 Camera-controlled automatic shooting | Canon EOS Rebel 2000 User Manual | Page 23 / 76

--

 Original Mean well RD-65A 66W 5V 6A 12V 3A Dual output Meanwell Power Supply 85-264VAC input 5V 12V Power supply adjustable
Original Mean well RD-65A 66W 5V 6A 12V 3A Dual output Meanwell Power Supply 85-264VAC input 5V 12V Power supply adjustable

==

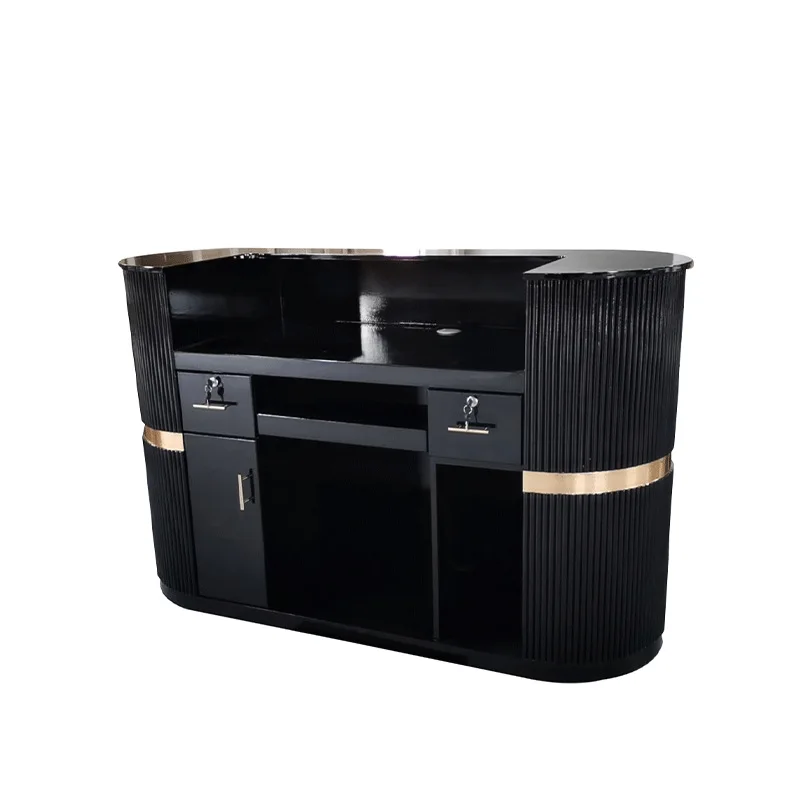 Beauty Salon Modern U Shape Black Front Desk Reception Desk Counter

Action item: From the records above, copy every line that includes the word "Power".

Result:
 Original Mean well RD-65A 66W 5V 6A 12V 3A Dual output Meanwell Power Supply 85-264VAC input 5V 12V Power supply adjustable
Original Mean well RD-65A 66W 5V 6A 12V 3A Dual output Meanwell Power Supply 85-264VAC input 5V 12V Power supply adjustable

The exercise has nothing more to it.